Beachten Sie aber, dass eine virtuelle Maschine mit hohem Netzwerk-Traffic auch viele CPU-Ressourcen beansprucht, und zwar sowohl innerhalb der VM als auch für den VMkernel. Aus diesem Grund könnte ein ESXi-Server mit limitierten CPU-Ressourcen einen geringeren Netzwerk-Durchsatz aufweisen, wenn ihm höhere CPU-Kapazitäten verwehrt werden.

Auch Shared Storage beeinträchtigt die Performance

Die Leistungsfähigkeit der Festplatten ist oft ein stiller Performance-Killer für das ganze System. Die Performance der VM-Festplatten ist meist durch Anzahl und Art der Datenträger in einem Array limitiert. Zudem kommt es darauf an, wie viele virtuelle Maschinen sich diese Festplatten teilen. Shared Storage führt außerdem oft dazu, dass die Daten von allen virtuellen Maschinen an einem Ort zusammentreffen und die Storage-Controller und -Festplatten überlasten. Als Konsequenz müssen die virtuellen Maschinen dann auf das Storage warten.

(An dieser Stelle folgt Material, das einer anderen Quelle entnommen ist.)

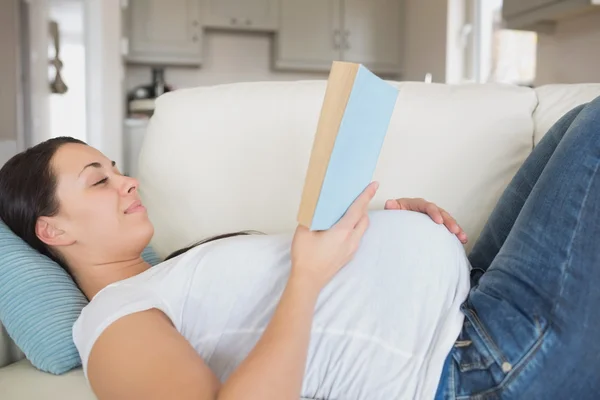 Zwangere vrouw met een hand op haar buik — Stockfoto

ESXi berücksichtigt die Zeit, die eine VM auf Disk I/O wartet, im selben Tracker, der auch für die Leerlaufzeit der VM-CPU verwendet wird. Der Effekt auf die Performance ist allerdings sehr unterschiedlich. Wartet eine virtuelle Maschine auf I/O, erledigt sie in dieser Zeit keine weiteren Aufgaben. Lange Wartezeiten wirken sich demnach sehr negativ auf die Performance aus. Daher muss beim VM-Design auch tunlichst das Storage-System mitbedacht werden.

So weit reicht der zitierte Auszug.